Camille Weisgant: Kyoto Arts Center

Because I am both a Japanese Studies and Theatre double major, it was important to me to be able to be involved in the arts community in some way while abroad to supplement my studies at KCJS. The CIP program was the perfect time to get in touch with my creative side during my time in Kyoto; for both these reasons I began volunteering at the Kyoto Arts Center, whose mission is to connect not only theatre artists, but dancers and visual artists as well, with the city, the general public, and other people involved in the arts. Furthermore, the center works hard to foster young and up and coming Japanese artists, who otherwise would not have the means to practice their art, by letting them use resources such as studio space for free, giving them platforms for readings and showing of their work, and being host to an artist in residence program. This objective in particularly is close to me, as I myself am a young artist, and realize how difficult it is to commit yourself to art when you are not being supported. The Kyoto Arts Center offers young artists the kind of support I wish I could bring back with me to New York City, if I do indeed decide to take on the big, bad performing arts world there after I graduate.

Volunteering at the Kyoto Arts Center has allowed me to be exposed to an artistic community unlike any other community I have experienced during my time in Japan. The Arts Center actually attracts over 200 volunteers, young and old, Japanese and foreign, meaning that every time I work I am interacting with a different strata of Kyoto residents. Not only that, but because I have volunteered serving various events at the center, I have also had the opportunity to meet patrons and artists. Volunteering at events as an usher, I have learned vital language with regards to communicate with the public, such as how to properly welcome visitors, how to give directions, and how to enforce rules in the building. Additionally, I have offered my English skills in order to edit some translated articles and interviews for the center’s newsletter.

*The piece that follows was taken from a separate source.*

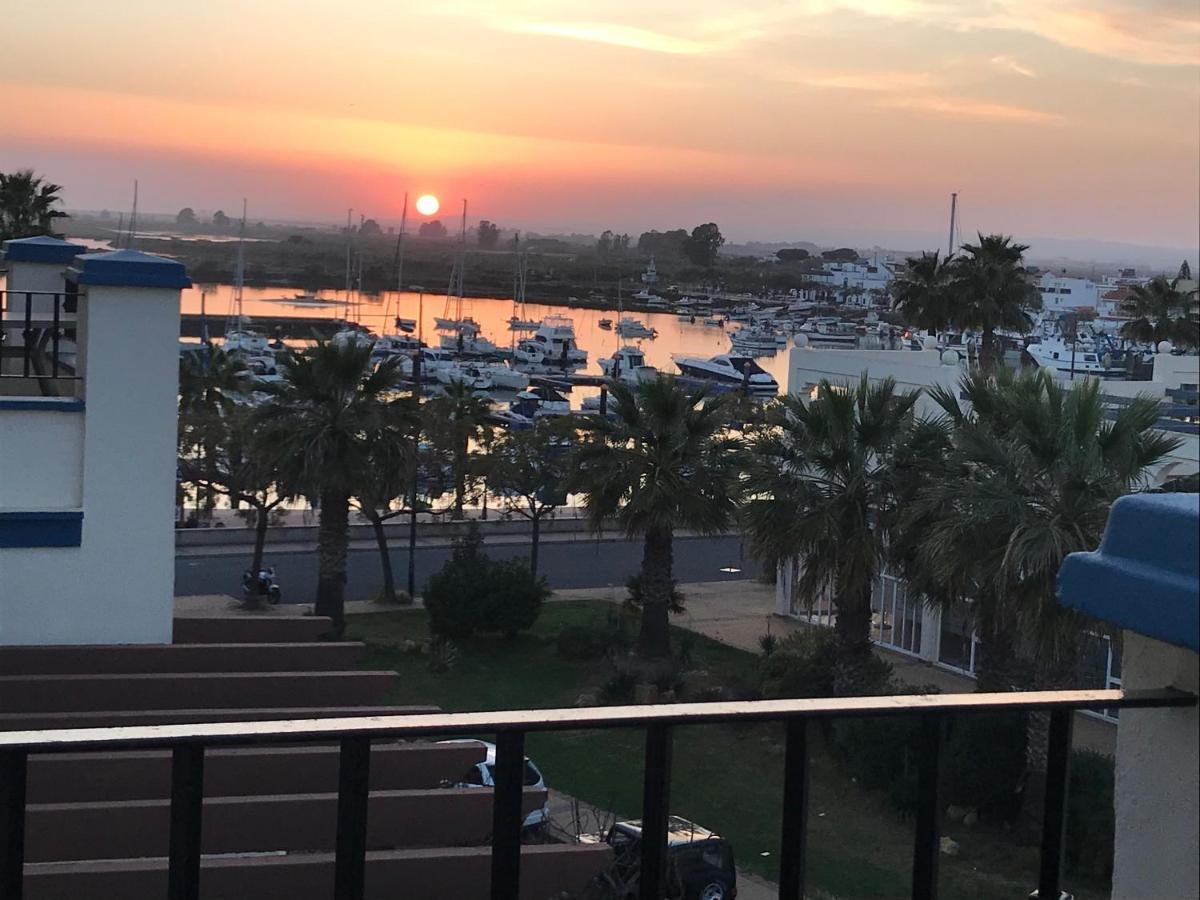Beautiful Penthouse With Ocean And Marina Views Apartamento Isla Canela Exterior foto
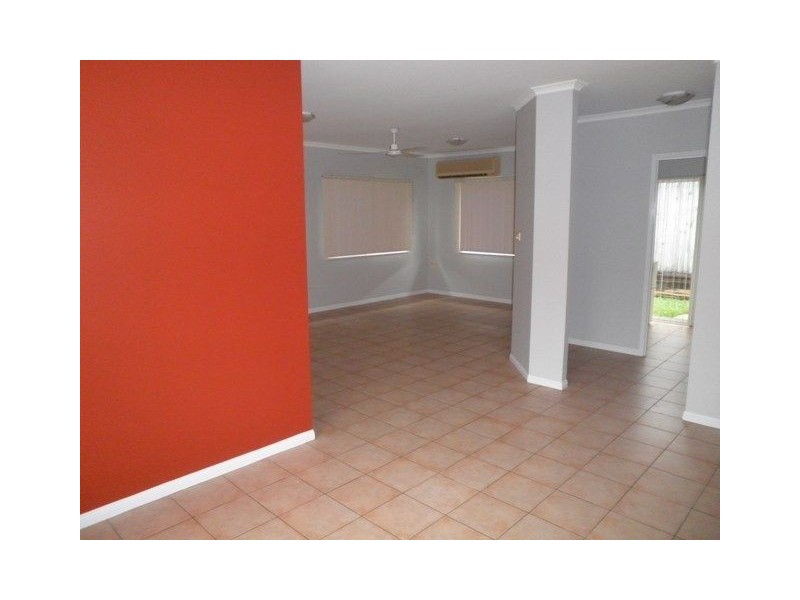 81 Benjamina, Mount Sheridan QLD 4868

Via all of these interactions and events, I have been introduced to local performance and visual artists that I would not have known about otherwise.

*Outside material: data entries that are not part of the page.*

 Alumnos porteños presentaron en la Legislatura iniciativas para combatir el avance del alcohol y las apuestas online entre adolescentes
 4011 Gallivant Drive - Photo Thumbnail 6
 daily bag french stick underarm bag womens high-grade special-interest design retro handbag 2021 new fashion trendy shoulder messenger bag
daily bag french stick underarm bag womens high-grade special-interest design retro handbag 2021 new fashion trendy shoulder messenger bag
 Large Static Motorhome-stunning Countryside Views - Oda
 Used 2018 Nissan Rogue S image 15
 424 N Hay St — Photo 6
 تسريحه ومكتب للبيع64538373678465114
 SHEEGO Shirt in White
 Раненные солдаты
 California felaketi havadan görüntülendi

Overall, volunteering for the Kyoto Arts Center was a great way to get involved in the Japanese artistic community. I was able to interact with a vast Japanese community, and participate in interesting events at the center. However, because the center has so many steady volunteers already, I did not get specific projects to work on or regular, weekly volunteer work. Every time I worked I met many new volunteers, but never established lasting relationships. Nonetheless, I hope that my volunteer work there contributed in small part to their mission of supporting the diversity of the Kyoto artistic community, and fostering it’s young members.

2 thoughts on “Camille Weisgant: Kyoto Arts Center

  1. Sounds like an awesome experience, especially since it really fused together your two areas of study. Did you have the opportunity to watch any of the shows/or the art pieces at the center? What were your impressions of the Kyoto art community??

    • Yes, it really was a great way to fuse the two. The main performances that I was able to attend were the dance performances during the “Dance 4 All” weekend that I volunteered at (I wrote about those in my previous blog post). Otherwise, I actually attended a reading and talk by a young Japanese playwright, but, unfortunately, because it was all in Japanese, it kind of went over my head. As for visual arts, I watched the gallery once afternoon when they were showing video work by one of their artists in residence. It was an exhibit called “The Art of Flirting,” a way for the artist to come to terms with her own sense of Japan, as she was from Toronto. Beyond that, it also just explored the process that goes into building relationships and some sense of distance that exists between people, that she found to be dinstinctly Japanese.

      As for the Kyoto artistic community as a whole, I would have to say I was shocked at the radical variety of it’s members. It honestly seems kind of like a hippy commune over there compared to the rest of Kyoto; very open-minded, foreigners and Japanese alike, young and old, all wanting to support each other in the most open, vulnerable expression, at the same time having fun. That being said, people who visit the center are mainly regulars, or have lots of connections with the place, so it was a hard world to break in to just being here for a few months.